Il reste que ces figures du discours médiatique (qui débordent déjà du strict champ sémantique) s’inscrivent dans une rhétorique de guerre qui, en dernier ressort, travestit le discours impérial en discours moral.

Henri Maler

- Lire la suite : « Guerre en Afghanistan de 2001 (2) : Discours impérial et discours moral »

Notes

[1] « Semantica et retorica della guerra imperiale nei media francesi. L’esempio della guerra in Afghanistan nel 2001 », in Cultura per la pace (a cura di G.I. Giannoli, S Morante, R. Mordenti, P.Quintili), Roma, manifestolibri, mars 2003, p. 135-151.

[2] Qui ne dispense pas forcément de lire la totalité du dossier...

[3] Cette contribution s’appuie sur la documentation que j’ai réunie en 2001 sur le site de l’association Acrimed (Action-CRItique-MEDias) : dossiers « Attentats aux USA » et « Guerre en Afghanistan ».)

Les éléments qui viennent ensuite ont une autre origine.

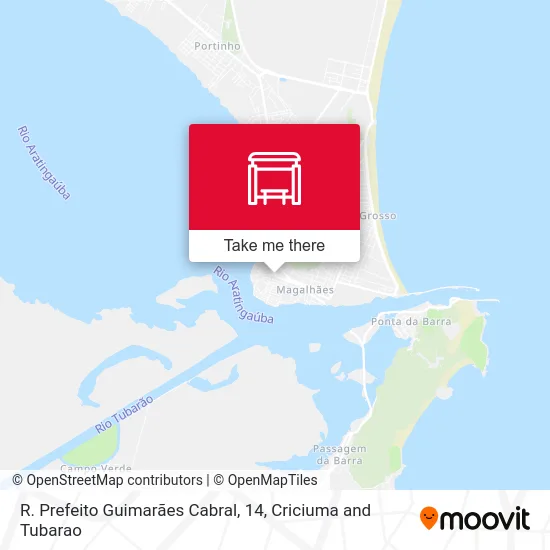 R. Prefeito Guimarães Cabral, 14 map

[4] Que Jean-Marie Colombani, pâle imitation de John Kennedy, transpose « Ich bin ein Berliner » en déclarant « je suis un américain » serait un accès d’identification intéressant, mais, somme toute, bénin. Qu’il confonde les dates - le discours de Kennedy date du 26 juin 1963, et non de 1962 - est sans doute dû à un excès de précipitation. Que la correction apparaisse sur le site du Monde, le jour de la parution (avant de disparaître et de reparaître à nouveau), sans que, ce jour (sauf erreur...), aucun rectificatif ne soit publié dans la version papier n’est peut-être qu’une défaillance technique (et déontologique) mineure.

[5] Le Monde du 11 octobre 2001, p. 2.

[6] « Des morts, des réfugiés ... et pourquoi ? » par Christine Delphy (Co-présidente de la Fondation Copernic, Directrice de Nouvelles questions féministes) et Annie Mordrel (Philosophe), tribune libre ... jamais publiée.

[7] Serge Halimi et Dominique Vidal, « L’opinion, ça se travaille...  », p. 36-37.